L’accento viene posto sul processo di apprendimento di tecniche e alla formazione di stili di vita conformi (“Viene dato più spazio all’educazione ai corretti stili di vita, alla cittadinanza attiva, all’educazione ambientale, e si guarda al domani attraverso lo sviluppo delle competenze digitali degli studenti (pensiero computazionale, utilizzo critico e consapevole dei social network e dei media). La scuola è sempre di più il luogo in cui si formano le coscienze. I piani triennali per l’offerta formativa promuoveranno, quindi, anche la prevenzione di discriminazioni.“).

Esattamente l’opposto della paideia umanistica ricordata da Giovanni Reale (“La forza educativa proveniente dal mondo greco ha caratterizzato l’Occidente a partire dai Romani; è poi più volte rinata con continue trasformazioni col sorgere di nuove culture, dapprima con il Cristianesimo, poi con l’umanesimo e il rinascimento.“) il cui fine è il “completamento dell’istruzione rappresentato dalla formazione politica, vero centro della cittadinanza ateniese, e apice verso il quale era indirizzato l’intero processo educativo“.

Non più cittadini che partecipano consapevolmente alle scelte politiche, ma individui in possesso di competenze tecniche standard, per quanto tagliate su misura in funzione delle esigenze produttive degli ambiti territoriali, conformati non a valori (“l’nteriorizzazione di quei valori universali che costituivano l’ethos del popolo“), bensì a stili di vita comuni!

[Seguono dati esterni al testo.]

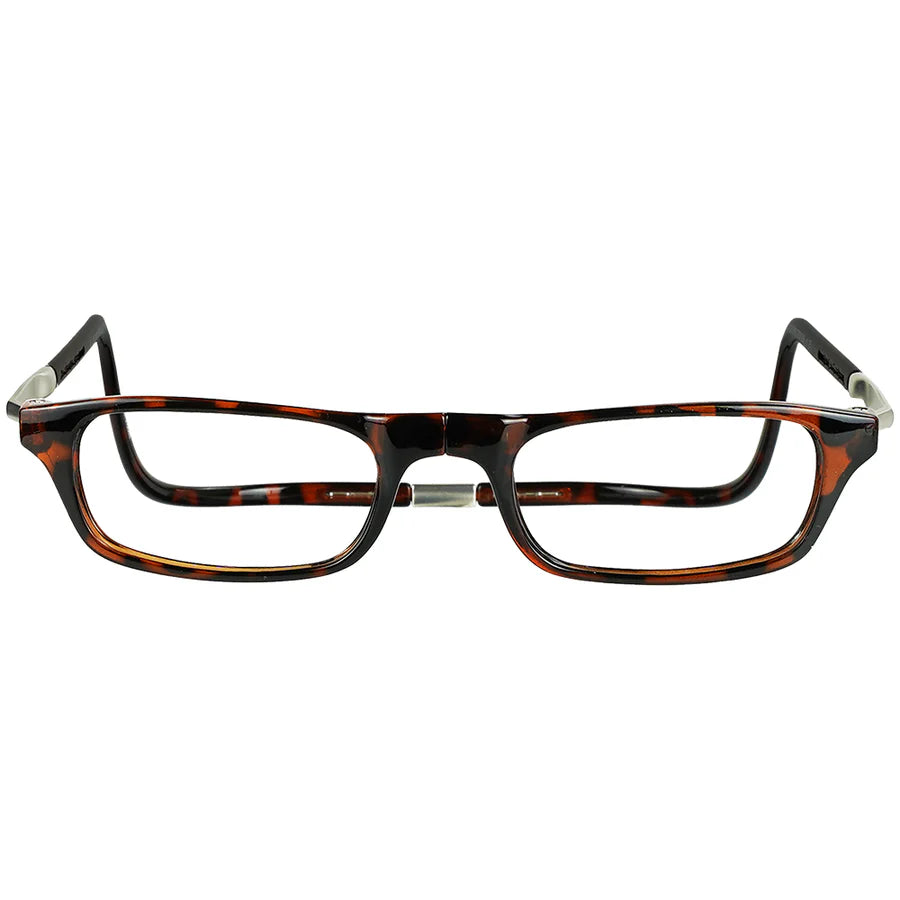 Clic - Original Reader - Expandable - Arbor Anglers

Io sono un insegnante, ma non condivido l’impostazione della “buona scuola” e combatto ogni giorno la mia personale guerra di resistenza contro questa follia. Ai miei studenti cerco di trasmettere valori, dai quali discendono anche gli stili di vita, ma vengono prima di questi. Insegno loro ad essere membri consapevoli di una comunità verso la quale hanno sì degli obblighi, ma anche il diritto di discuterli, contestandoli nei modi corretti attraverso la partecipazione alla vita pubblica, cioè preparandosi ad essere, ognuno di loro, un “politikòn zôon“, un “animale politico” secondo la definizione di Aristotele. 
Lo faccio insegnando materie tecniche, cosa non difficile perché la tecnica è molto più di una collezione di metodi atti a manipolare le forze della natura. L’uomo è un “politikòn zôon” e, in quanto tale, è portato a unirsi ai propri simili per formare delle comunità, al cui interno la scelta delle tecniche da sviluppare e impiegare per manipolare la natura è il frutto di scelte politiche.

E nessuno dei miei studenti crede alla favola secondo cui il lavoro diventerà una merce rara come conseguenza dello sviluppo della tecnica. Se così fosse, allora la tecnica sarebbe una forza esogena alla comunità, qualcosa che viene dall’esterno senza che vi sia la possibilità di controllarla. Ma nella misura in cui l’uomo è effettivamente un “politikòn zôon“, la tecnica è uno strumento che nasce dal conflitto politico, il senso del quale è la suddivisione del lavoro e dei suoi frutti. Pertanto, finché ci sarà conflitto politico, cioè nella misura in cui i membri di una comunità saranno “animali politici“, il lavoro non sarà mai una merce rara, perché la distinzione tra conflitto politico e lavoro viene a cessare.

Al contrario, il lavoro diventa merce rara quando i membri di una comunità vengono espulsi dal conflitto politico e trasformati in schiavi o, come avviene oggi, in consumatori passivi, perché allora la tecnica viene trasformata in fattore esogeno, in quanto controllato dalla classe dominante. Questo può avvenire a qualsiasi livello di sviluppo tecnico, e poiché da sempre che l’uomo dispone della capacità di garantire ad ogni membro della comunità il necessario di cui vivere, ne segue che la scarsità delle risorse è il frutto di una rapina, e non dell’avarizia della natura o della mancanza di tecniche sufficienti. E non saranno i robot a por fine a questa rapina.